Since March 1, 1998, when the Company began its stock repurchase program,
1,707,874 shares of the Company's common stock at a total cost of $5,482,100
have been acquired. The Board of Directors previously authorized purchasing up
to 2,000,000 shares as market conditions warrant. At their September 18, 2002
meeting, the Board of Directors authorized purchasing up to an additional
500,000 shares as market conditions warrant.

ITEM 2 MANAGEMENT'S DISCUSSION AND ANALYSIS OF FINANCIAL CONDITION AND RESULTS
OF OPERATIONS

Certain statements contained in this Management Discussion and Analysis are not
based on historical facts, but are forward-looking statements that are based
upon numerous assumptions about future conditions that may ultimately prove to
be inaccurate. Actual events and results may materially differ from anticipated
results described in such statements. The Company's ability to achieve such
results is subject to certain risks and uncertainties.

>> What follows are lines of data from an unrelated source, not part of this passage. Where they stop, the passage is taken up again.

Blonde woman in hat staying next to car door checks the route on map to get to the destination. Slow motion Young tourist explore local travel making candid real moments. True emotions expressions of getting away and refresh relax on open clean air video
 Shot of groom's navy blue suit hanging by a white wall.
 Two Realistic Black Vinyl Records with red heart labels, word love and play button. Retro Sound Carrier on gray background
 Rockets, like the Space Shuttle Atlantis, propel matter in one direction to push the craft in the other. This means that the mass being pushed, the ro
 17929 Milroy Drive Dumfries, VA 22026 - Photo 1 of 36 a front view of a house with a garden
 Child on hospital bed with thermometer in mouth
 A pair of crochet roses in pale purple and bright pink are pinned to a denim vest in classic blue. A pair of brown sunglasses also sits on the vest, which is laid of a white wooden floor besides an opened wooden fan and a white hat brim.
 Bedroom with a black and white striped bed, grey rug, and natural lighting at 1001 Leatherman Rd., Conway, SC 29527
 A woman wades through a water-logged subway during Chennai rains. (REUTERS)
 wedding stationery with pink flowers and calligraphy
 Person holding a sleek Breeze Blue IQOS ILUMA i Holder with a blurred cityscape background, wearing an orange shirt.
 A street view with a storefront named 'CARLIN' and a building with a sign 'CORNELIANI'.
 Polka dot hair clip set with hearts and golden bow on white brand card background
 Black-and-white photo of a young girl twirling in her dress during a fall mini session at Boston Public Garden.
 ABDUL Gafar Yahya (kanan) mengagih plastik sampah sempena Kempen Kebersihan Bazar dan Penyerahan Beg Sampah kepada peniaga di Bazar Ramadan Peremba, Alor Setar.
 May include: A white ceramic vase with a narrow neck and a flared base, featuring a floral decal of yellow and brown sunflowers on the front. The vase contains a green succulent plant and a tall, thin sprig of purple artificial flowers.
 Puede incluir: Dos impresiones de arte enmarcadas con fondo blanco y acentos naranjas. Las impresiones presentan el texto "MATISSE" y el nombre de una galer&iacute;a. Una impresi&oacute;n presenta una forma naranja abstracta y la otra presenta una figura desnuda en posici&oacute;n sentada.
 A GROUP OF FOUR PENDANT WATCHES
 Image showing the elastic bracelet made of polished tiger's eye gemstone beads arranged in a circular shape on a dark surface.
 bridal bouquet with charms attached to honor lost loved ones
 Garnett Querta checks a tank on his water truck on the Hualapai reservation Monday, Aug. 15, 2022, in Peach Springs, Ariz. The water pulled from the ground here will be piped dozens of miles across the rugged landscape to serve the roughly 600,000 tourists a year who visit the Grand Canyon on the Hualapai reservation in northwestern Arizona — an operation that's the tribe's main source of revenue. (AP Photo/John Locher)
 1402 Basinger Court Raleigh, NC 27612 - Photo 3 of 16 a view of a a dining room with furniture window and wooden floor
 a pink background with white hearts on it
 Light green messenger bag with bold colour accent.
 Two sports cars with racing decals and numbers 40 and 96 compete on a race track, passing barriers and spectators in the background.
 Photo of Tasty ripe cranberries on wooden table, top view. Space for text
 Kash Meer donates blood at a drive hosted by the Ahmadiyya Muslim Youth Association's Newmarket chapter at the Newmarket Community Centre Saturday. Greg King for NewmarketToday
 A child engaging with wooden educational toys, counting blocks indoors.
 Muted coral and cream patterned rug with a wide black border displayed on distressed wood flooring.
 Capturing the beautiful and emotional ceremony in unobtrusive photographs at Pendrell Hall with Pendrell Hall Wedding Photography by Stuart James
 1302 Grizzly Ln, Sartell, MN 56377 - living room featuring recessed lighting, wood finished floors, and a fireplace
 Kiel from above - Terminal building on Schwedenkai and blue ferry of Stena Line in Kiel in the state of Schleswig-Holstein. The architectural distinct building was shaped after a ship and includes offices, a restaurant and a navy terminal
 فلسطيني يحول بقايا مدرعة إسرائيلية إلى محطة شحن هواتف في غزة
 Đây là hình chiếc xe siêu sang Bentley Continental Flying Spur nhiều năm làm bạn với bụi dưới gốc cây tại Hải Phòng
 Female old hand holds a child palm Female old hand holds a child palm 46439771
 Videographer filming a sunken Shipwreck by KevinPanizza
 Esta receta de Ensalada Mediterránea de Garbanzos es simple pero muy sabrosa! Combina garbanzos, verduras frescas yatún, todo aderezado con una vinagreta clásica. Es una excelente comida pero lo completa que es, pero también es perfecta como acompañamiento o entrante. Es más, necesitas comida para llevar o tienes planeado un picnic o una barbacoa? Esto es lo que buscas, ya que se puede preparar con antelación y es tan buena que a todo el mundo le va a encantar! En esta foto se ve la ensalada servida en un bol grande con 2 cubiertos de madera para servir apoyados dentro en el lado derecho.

Such risks and
uncertainties include but are not limited to, product prices, continued
availability of capital and financing, and other factors affecting the Company's
business that may be beyond its control.

FINANCIAL CONDITION

The financial condition of the Company remains strong. Working capital at August
31, 2002 was $8,369,700 compared with $7,536,800 at the end of fiscal year 2002.
Accounts receivable increased 30.9% during the first six months of fiscal year
2003. The Company's "fall special" began during the second quarter and
contributed to the increase in accounts receivable. This "fall special" offered
extended payment terms of 60 days or a December 15 due date, depending upon the
size of the order. Inventory levels rose slightly, increasing 2.3% over
inventory at fiscal year end 2002. The level of inventory will fluctuate
depending upon sales and the timing of shipments from the Company's principal
supplier. The Company continuously monitors inventory to assure it has adequate
supplies on hand to meet sales requirements. Accounts payable decreased 8.4%
during the first six months of fiscal year 2003. A major component of accounts
payable is the amount due to the Company's principal supplier. Increases and
decreases in inventory levels as well as the timing of the purchases and the
payment terms offered by various suppliers affect the levels of accounts
payable. Cash generated by increased sales in the Home Business Division enabled
the Company to conclude the quarter ended August 31, 2002 with no short term
bank debt.

The Company paid a dividend of $0.06 per share on August 12, 2002.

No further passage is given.